- [Directions for this task]: In the records below, find the line that contains "27''Better Butter Crop W/ Patch Pockets" and the line that contains "8476 County Rd E, Rushford, WI 54963". Set down exactly those lines and every line between them, and nothing more.

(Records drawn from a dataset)
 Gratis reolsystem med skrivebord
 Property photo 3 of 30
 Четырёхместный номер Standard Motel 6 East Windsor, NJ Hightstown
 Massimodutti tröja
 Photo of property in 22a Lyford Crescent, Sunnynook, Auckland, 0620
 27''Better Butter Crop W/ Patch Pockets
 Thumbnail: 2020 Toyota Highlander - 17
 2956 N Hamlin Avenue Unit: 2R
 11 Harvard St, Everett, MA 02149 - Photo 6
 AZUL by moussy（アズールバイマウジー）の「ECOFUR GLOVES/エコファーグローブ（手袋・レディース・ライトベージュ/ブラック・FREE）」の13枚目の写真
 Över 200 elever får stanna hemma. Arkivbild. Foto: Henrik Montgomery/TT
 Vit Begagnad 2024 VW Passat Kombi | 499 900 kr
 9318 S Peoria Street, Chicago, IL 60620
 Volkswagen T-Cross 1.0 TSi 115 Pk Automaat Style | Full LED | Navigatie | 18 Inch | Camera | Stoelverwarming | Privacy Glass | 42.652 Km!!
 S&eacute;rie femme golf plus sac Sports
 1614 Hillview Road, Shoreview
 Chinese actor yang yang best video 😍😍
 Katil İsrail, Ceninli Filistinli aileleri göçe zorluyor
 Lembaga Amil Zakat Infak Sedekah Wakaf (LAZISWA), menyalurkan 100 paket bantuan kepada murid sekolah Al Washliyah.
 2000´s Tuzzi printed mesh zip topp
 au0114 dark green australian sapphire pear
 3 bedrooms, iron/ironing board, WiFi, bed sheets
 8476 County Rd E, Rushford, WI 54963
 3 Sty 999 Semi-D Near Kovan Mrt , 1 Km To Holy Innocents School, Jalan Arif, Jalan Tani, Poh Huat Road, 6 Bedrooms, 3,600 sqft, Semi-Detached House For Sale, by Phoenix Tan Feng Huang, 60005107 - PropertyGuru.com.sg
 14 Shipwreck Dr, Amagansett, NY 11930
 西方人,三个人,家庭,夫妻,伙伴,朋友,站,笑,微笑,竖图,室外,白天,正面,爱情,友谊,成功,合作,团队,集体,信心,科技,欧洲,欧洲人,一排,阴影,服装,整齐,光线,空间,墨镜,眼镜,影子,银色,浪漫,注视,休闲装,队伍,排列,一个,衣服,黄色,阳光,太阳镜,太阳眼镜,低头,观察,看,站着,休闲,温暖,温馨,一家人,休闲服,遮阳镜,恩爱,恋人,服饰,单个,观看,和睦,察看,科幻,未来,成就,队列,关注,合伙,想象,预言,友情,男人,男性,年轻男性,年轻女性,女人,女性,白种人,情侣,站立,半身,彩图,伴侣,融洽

- [Task response]:
 27''Better Butter Crop W/ Patch Pockets
 Thumbnail: 2020 Toyota Highlander - 17
 2956 N Hamlin Avenue Unit: 2R
 11 Harvard St, Everett, MA 02149 - Photo 6
 AZUL by moussy（アズールバイマウジー）の「ECOFUR GLOVES/エコファーグローブ（手袋・レディース・ライトベージュ/ブラック・FREE）」の13枚目の写真
 Över 200 elever får stanna hemma. Arkivbild. Foto: Henrik Montgomery/TT
 Vit Begagnad 2024 VW Passat Kombi | 499 900 kr
 9318 S Peoria Street, Chicago, IL 60620
 Volkswagen T-Cross 1.0 TSi 115 Pk Automaat Style | Full LED | Navigatie | 18 Inch | Camera | Stoelverwarming | Privacy Glass | 42.652 Km!!
 S&eacute;rie femme golf plus sac Sports
 1614 Hillview Road, Shoreview
 Chinese actor yang yang best video 😍😍
 Katil İsrail, Ceninli Filistinli aileleri göçe zorluyor
 Lembaga Amil Zakat Infak Sedekah Wakaf (LAZISWA), menyalurkan 100 paket bantuan kepada murid sekolah Al Washliyah.
 2000´s Tuzzi printed mesh zip topp
 au0114 dark green australian sapphire pear
 3 bedrooms, iron/ironing board, WiFi, bed sheets
 8476 County Rd E, Rushford, WI 54963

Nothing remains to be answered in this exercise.